Making the present look like paradise
Britain's prisons are too overcrowded and are failing in the crucial areas of moral reclamation and child suicide, according to a report released today.
The Prison Security and Youth Custodial Hospitality Organisation, a think-tank which includes representatives from all the major custodial contractors employed by the Government, based the report on a study of conditions in all Britain's prisons over the past five years.
During that time, the report says, overcrowding has reached "absolutely unacceptable levels". This is technically a disimprovement on the situation five years ago, when overcrowding was at "moderately unacceptable levels".

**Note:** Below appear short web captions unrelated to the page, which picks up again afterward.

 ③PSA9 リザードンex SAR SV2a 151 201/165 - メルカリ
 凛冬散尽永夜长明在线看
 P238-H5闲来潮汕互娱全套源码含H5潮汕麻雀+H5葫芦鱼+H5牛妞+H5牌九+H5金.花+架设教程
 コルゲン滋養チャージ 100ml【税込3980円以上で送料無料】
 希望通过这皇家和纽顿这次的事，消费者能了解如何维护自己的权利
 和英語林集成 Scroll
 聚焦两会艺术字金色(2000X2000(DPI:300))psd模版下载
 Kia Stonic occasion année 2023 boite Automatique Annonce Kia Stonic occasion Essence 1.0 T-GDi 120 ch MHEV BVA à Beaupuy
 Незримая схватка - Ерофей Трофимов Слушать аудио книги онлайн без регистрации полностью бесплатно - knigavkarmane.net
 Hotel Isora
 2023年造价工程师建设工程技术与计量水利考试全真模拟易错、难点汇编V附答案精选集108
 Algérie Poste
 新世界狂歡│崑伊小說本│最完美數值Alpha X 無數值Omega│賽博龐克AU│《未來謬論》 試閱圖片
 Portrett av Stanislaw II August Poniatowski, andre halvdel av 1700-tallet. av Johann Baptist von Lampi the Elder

The report proposes that the problem be addressed by paying prison contractors on a simple unit-cost basis, whereby companies would be remunerated according to a mutually agreed price per prisoner, per day of sentence. The Home Office has previously rejected such schemes on the grounds that their adoption would "glamorise crime" by letting prisoners feel they were of economic value.
Overcrowding in some prisons, particularly those in which juveniles are kept on remand or for anti-social behaviour and National Discipline, has risen to such a level that little or no space is left for solitary confinement, the report says.
This means that the suicide rate among children and adolescents in prison has fallen considerably over the last five years, which in turn has exacerbated the overcrowding.
Moral reclamation contractors have attempted to address the problem by confining vulnerable or disturbed young people in cells where the probability of inmate over-assertiveness is likely to result in population reductions, but according to the report these measures have not been as successful as was initially hoped.
The Home Secretary has expressed "concern" at the findings of the report, but said this afternoon that the Government remains "firm, resolute and paternally masculine" in its intention to cleanse Britain of the scourge of juvenile crime and noisiness.